:: Exercise goal ::
Output only the lines below that start at the line containing "Kaws x UNIQLO" and end at the line containing "Vintage Universal Thread", with both ends kept.

:: Dataset content ::
★ ★ ★ ★

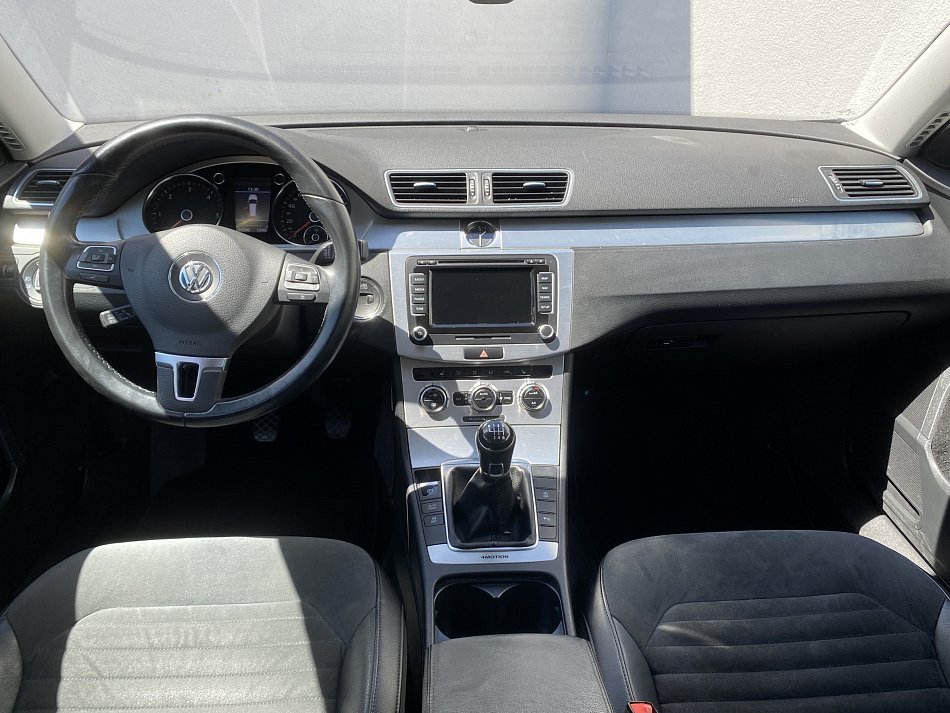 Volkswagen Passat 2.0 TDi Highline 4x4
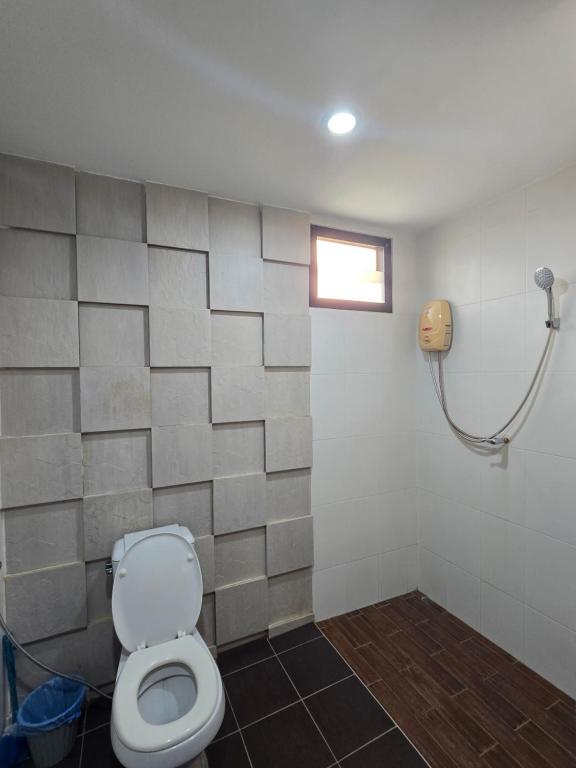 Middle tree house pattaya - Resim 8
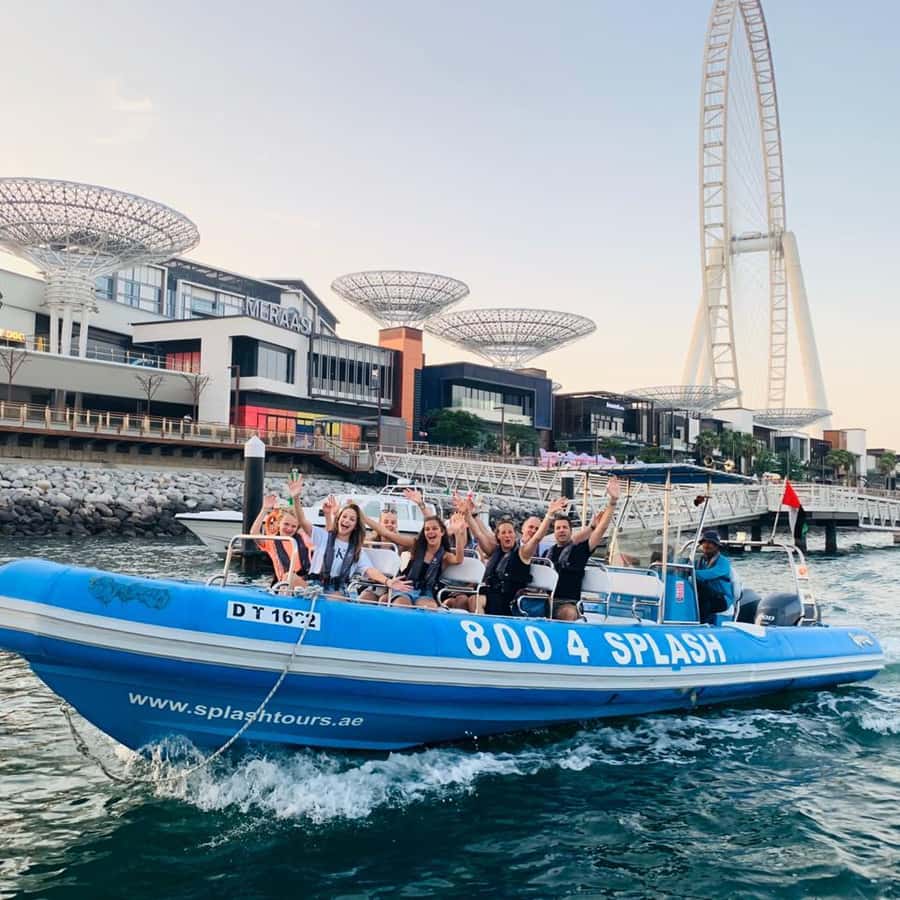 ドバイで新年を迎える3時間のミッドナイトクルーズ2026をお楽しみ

★ ★ ★ ★

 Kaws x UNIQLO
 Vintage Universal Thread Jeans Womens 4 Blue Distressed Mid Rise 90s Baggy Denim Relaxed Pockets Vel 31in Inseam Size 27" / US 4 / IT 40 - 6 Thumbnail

★ ★ ★ ★

:: Task result ::
 Kaws x UNIQLO
 Vintage Universal Thread Jeans Womens 4 Blue Distressed Mid Rise 90s Baggy Denim Relaxed Pockets Vel 31in Inseam Size 27" / US 4 / IT 40 - 6 Thumbnail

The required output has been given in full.